_Exercise inputs_
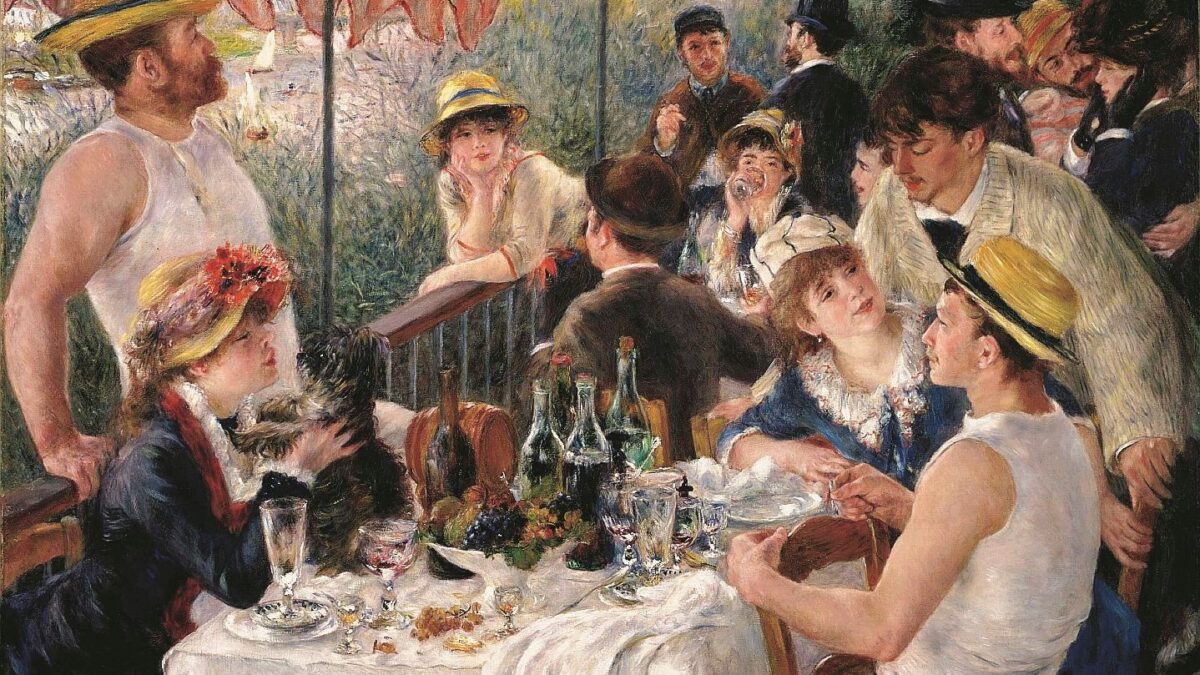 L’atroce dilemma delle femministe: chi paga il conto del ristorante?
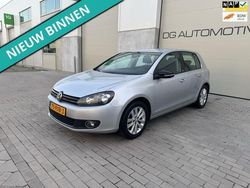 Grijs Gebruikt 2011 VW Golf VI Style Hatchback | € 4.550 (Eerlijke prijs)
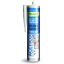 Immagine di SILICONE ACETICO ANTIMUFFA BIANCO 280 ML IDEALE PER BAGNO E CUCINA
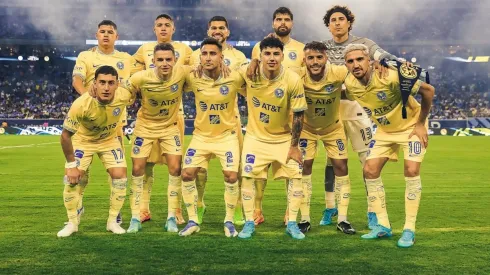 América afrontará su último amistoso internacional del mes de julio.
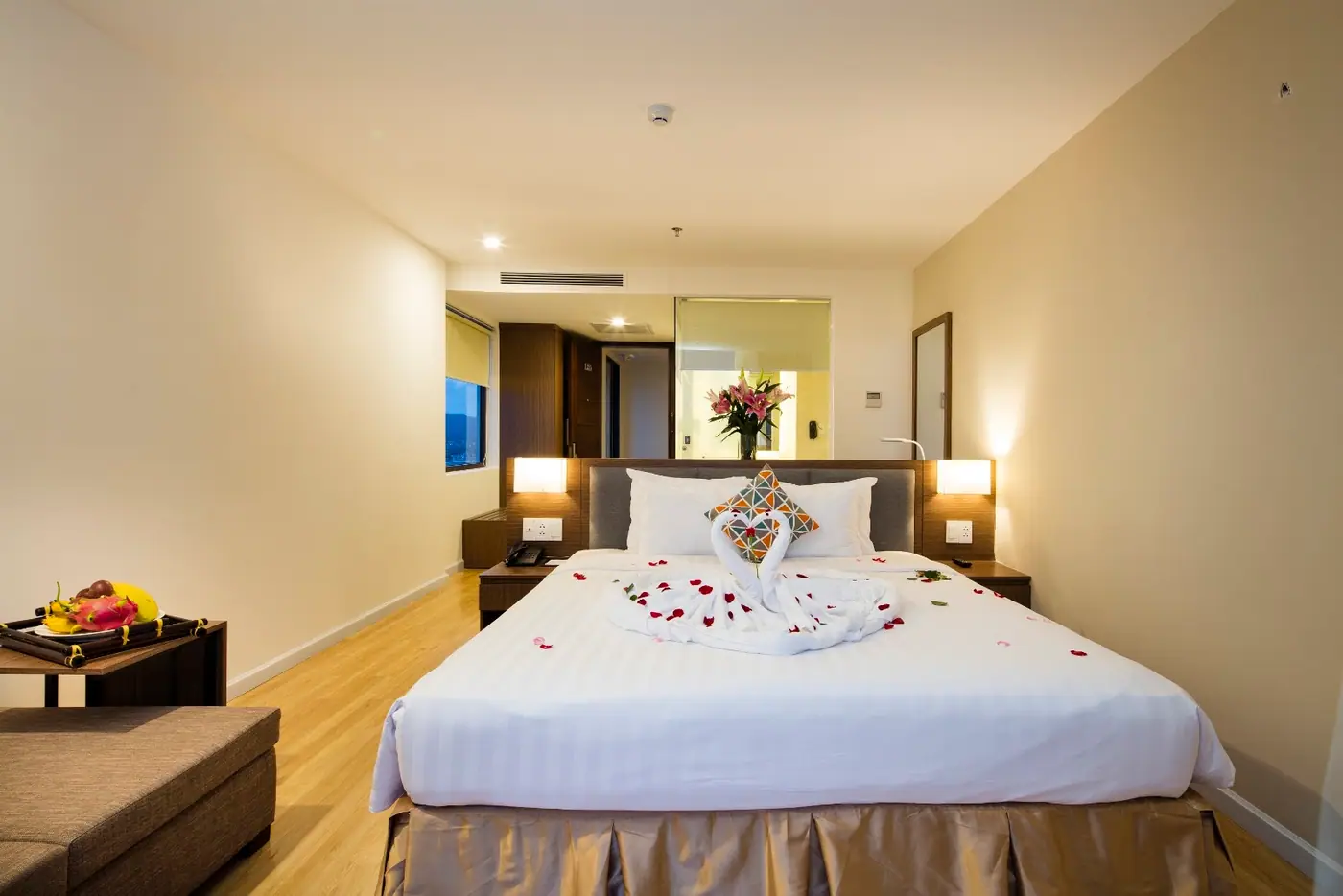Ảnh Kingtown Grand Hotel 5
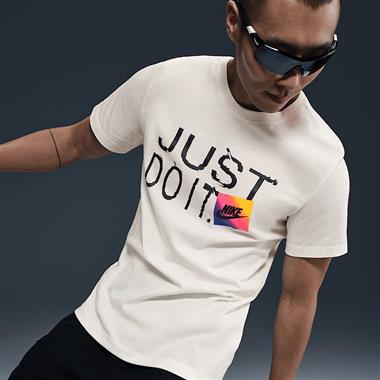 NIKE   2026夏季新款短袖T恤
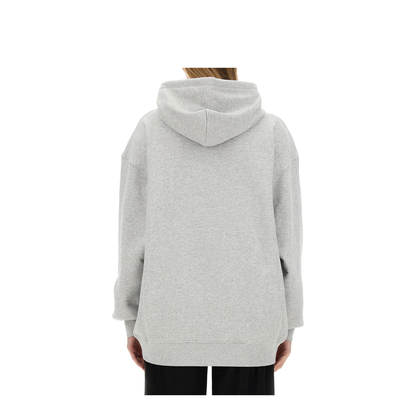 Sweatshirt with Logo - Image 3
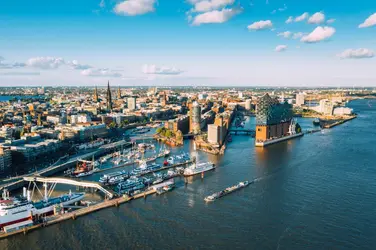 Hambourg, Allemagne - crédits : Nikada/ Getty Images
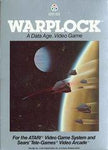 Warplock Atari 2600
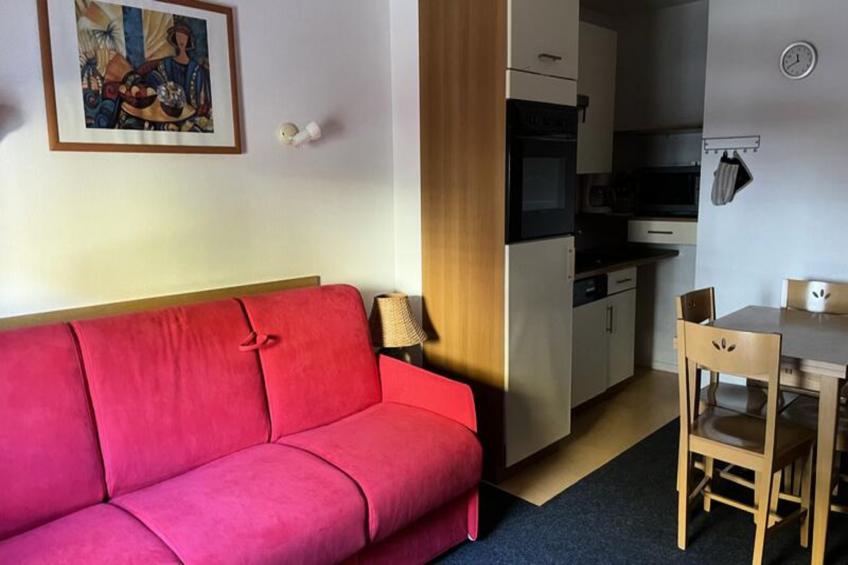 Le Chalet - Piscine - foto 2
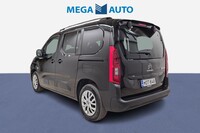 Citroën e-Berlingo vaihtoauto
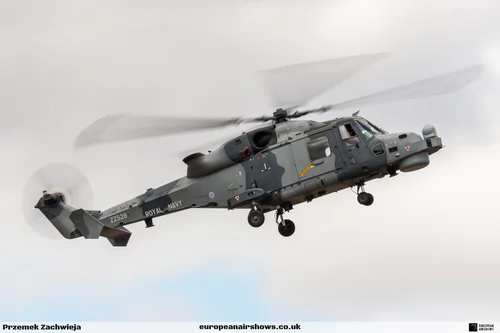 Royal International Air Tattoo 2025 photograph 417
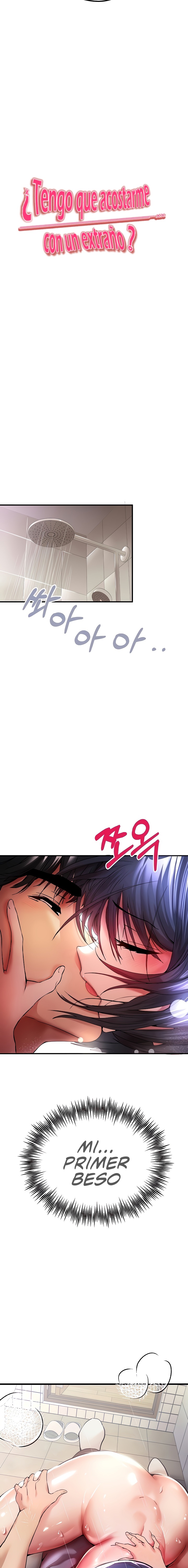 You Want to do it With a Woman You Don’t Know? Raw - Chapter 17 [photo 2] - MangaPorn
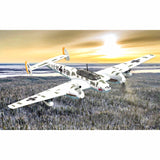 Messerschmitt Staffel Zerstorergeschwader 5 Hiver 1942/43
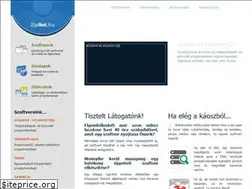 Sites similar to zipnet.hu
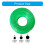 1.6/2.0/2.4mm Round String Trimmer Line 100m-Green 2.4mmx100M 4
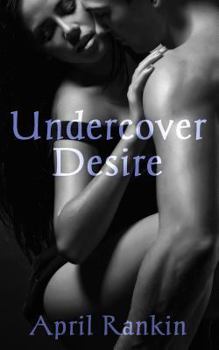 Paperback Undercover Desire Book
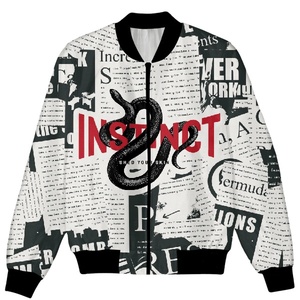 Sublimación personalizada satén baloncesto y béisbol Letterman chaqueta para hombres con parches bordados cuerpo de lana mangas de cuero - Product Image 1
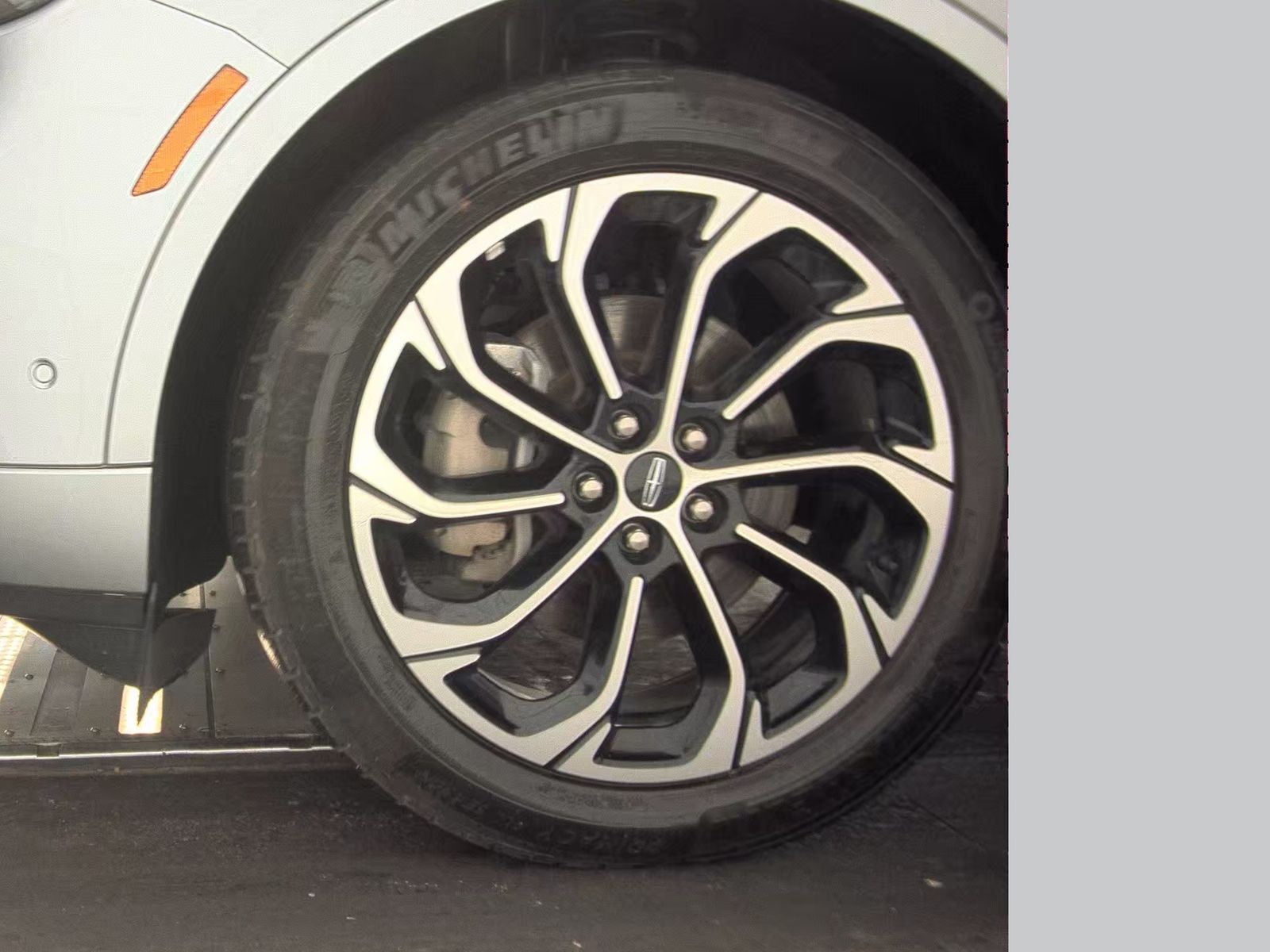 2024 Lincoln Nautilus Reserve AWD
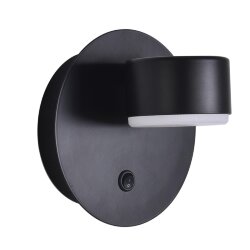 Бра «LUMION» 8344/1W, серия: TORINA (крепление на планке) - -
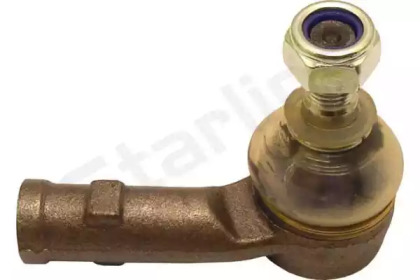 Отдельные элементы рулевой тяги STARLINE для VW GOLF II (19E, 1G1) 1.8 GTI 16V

_Instructions for the task_
Repeat the data above exactly, images excluded.

_Result of the task_
 L’atroce dilemma delle femministe: chi paga il conto del ristorante?
 Grijs Gebruikt 2011 VW Golf VI Style Hatchback | € 4.550 (Eerlijke prijs)
 Immagine di SILICONE ACETICO ANTIMUFFA BIANCO 280 ML IDEALE PER BAGNO E CUCINA
 América afrontará su último amistoso internacional del mes de julio.
Ảnh Kingtown Grand Hotel 5
 NIKE   2026夏季新款短袖T恤
 Sweatshirt with Logo - Image 3
 Hambourg, Allemagne - crédits : Nikada/ Getty Images
 Warplock Atari 2600
 Le Chalet - Piscine - foto 2
 Citroën e-Berlingo vaihtoauto
 Royal International Air Tattoo 2025 photograph 417
 You Want to do it With a Woman You Don’t Know? Raw - Chapter 17 [photo 2] - MangaPorn
 Messerschmitt Staffel Zerstorergeschwader 5 Hiver 1942/43
 Sites similar to zipnet.hu
 1.6/2.0/2.4mm Round String Trimmer Line 100m-Green 2.4mmx100M 4
 Paperback Undercover Desire Book
 Sublimación personalizada satén baloncesto y béisbol Letterman chaqueta para hombres con parches bordados cuerpo de lana mangas de cuero - Product Image 1
 2024 Lincoln Nautilus Reserve AWD
 Бра «LUMION» 8344/1W, серия: TORINA (крепление на планке) - -
 Отдельные элементы рулевой тяги STARLINE для VW GOLF II (19E, 1G1) 1.8 GTI 16V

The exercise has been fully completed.